Austro-Hungarian Rule
The city's second architectural expansion started following the Austro-Hungarian occupation in the late 19th century and lasted until the beginning of World War I in 1914, after the 1878 treaty of Berlin gave the Austro-Hungarian Empire a mandate to administer Bosnia. The city was modernized during this period. Austro-Hungarians established the city’s first public transportation system and the first telephone lines. Many cultural and educational institutions were founded in this period as well. The National (Land) Museum, the First Sheriate Law High School and the National Theatre. Sarajevo City Hall, Ashkenazi Synagogue, and Catholic Cathedral were also added to the expanding city. The growth of Sarajevo was interrupted on June 28, 1914 when Gavrilo Princip assassinated Austro-Hungarian Archduke Franz Ferdinand and his wife Sophia during their visit to Sarajevo, setting off the chain of events that led to the start of World War I.
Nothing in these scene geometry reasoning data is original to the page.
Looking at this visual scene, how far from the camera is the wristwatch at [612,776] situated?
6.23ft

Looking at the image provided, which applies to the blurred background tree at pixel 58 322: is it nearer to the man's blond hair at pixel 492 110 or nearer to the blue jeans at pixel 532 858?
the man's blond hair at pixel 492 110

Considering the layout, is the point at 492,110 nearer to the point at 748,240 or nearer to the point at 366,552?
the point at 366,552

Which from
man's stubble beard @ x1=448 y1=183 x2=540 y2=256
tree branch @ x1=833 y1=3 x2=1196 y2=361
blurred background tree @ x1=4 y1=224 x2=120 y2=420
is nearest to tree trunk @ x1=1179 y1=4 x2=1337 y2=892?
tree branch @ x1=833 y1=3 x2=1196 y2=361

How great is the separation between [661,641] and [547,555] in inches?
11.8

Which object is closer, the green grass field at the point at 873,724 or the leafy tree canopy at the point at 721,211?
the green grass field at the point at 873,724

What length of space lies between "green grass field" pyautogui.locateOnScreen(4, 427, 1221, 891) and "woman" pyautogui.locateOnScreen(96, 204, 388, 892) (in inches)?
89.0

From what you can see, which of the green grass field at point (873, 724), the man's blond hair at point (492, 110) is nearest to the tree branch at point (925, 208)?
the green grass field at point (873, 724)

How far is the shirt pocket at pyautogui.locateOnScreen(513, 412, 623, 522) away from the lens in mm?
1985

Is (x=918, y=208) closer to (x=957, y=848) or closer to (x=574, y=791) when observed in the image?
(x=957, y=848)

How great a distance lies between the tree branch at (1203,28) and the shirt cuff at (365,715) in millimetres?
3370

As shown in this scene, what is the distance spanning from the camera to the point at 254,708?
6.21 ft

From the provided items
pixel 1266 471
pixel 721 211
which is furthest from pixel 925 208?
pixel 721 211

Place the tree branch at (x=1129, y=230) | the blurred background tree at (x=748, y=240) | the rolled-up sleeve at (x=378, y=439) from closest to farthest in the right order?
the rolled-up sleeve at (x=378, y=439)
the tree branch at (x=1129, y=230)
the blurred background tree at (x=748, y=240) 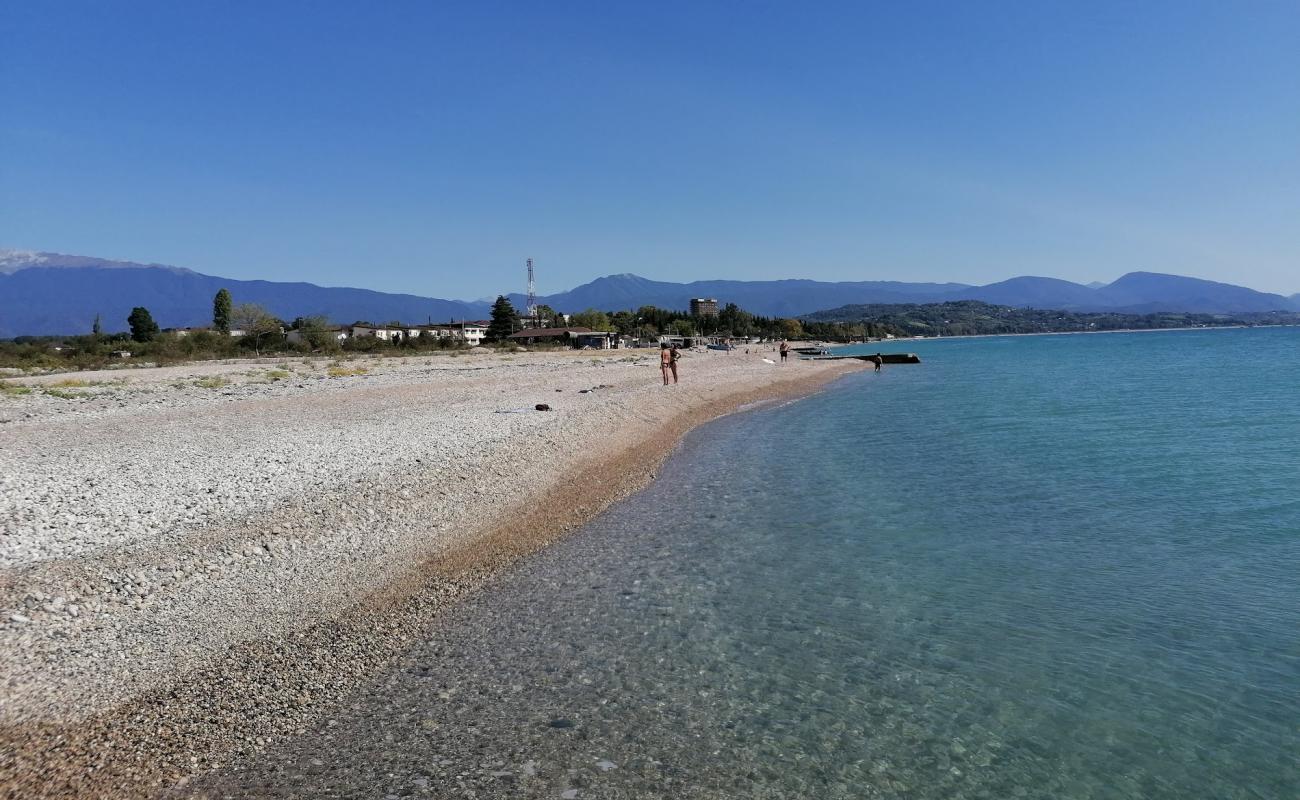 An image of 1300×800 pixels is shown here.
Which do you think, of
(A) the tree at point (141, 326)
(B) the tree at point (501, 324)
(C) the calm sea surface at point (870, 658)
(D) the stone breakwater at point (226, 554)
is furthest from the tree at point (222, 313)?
(C) the calm sea surface at point (870, 658)

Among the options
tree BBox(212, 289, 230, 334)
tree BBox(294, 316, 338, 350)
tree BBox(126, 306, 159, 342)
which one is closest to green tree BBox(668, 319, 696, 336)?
tree BBox(294, 316, 338, 350)

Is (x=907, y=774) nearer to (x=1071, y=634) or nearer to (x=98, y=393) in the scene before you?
(x=1071, y=634)

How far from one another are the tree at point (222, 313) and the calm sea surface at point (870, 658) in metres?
90.7

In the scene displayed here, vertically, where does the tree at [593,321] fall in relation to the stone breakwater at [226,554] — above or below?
above

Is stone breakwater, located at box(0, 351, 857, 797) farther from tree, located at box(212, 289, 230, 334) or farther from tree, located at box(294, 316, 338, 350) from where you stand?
tree, located at box(212, 289, 230, 334)

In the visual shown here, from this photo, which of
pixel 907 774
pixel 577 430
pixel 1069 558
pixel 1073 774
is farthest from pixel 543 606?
pixel 577 430

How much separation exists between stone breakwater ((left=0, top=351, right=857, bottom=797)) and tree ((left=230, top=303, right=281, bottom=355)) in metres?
63.9

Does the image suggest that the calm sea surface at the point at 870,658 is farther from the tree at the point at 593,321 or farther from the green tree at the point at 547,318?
the green tree at the point at 547,318

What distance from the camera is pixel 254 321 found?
278 feet

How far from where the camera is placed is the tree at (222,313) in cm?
8949

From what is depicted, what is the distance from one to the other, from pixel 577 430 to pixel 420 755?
14.6 metres

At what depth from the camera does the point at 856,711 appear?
237 inches

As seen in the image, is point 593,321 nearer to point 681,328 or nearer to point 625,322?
point 625,322

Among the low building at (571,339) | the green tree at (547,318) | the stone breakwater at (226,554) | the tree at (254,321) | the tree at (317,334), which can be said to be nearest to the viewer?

Kingdom of Serbs, Croats and Slovenes
Following the Treaty of Versailles in 1918 that ended World War I, Sarajevo, along with Bosnia and Herzegovina, became a part of the newly-formed Kingdom of Serbs, Croats, and Slovenes. It remained within the later-renamed Kingdom of Yugoslavia until the beginning of World War II, when the monarchy was abolished and, following the end of the war, the new socialist Yugoslavia was created.
 
Yugoslavia and Socialism
The general plan for development of Sarajevo was adopted in 1945, and the city that suffered tremendous losses during World War II under the Germans expanded. German occupation had started in 1941, and Bosnia was assimilated into an atrocious Croatian Ustasha nationalist entity, where multiple atrocities were carried out, particularly against Serbs, many of which took place at the notorious Jasenovac concentration camp south of Zagreb where between 50-70,000 people, mainly Serbs, were slaughtered.
 
In 1943 Josep Brod Tito, leading the Bosnian partisans on covert operations in the mountain fastnesses of the centre of the country, established the basis of the post-war Yugoslavia, of which Bosnia would be one of six republics. Subsequent to the war, Sarajevo was not only rebuilt but considerably expanded as well. It almost tripled in size during its third expansion which took place during the formative years of socialist Yugoslavia. By 1984, when the city hosted the 14th Winter Olympic Games, Sarajevo was a modern capital city of around 500,000 people.

Looking Back
Talk to Bosnians about the Tito era, and it is fondly remembered as a halcyon period set in a kind of aspic of nostalgia, of benevolent socialism, when everybody had a car, a state apartment, holidays on the coast every year, and life was a given. Yes and no, is the answer. The dream was founded on political repression and kept alive by wildly unrealistic economic planning and strategies, based on much heavy foreign borrowing. But for most people, it functioned, Tito kept nationalism at bay, and the country appeared to prosper. It was during this period that Sarajevo developed a reputation as something of a cultural centre, a party town, and acquired the rather clichéd adjective that is so often used to describe it: cosmopolitan. But it was a tougher, fiercely independent and more gutsy series of characteristics that was to carry it through the years of the 1992-1995 war.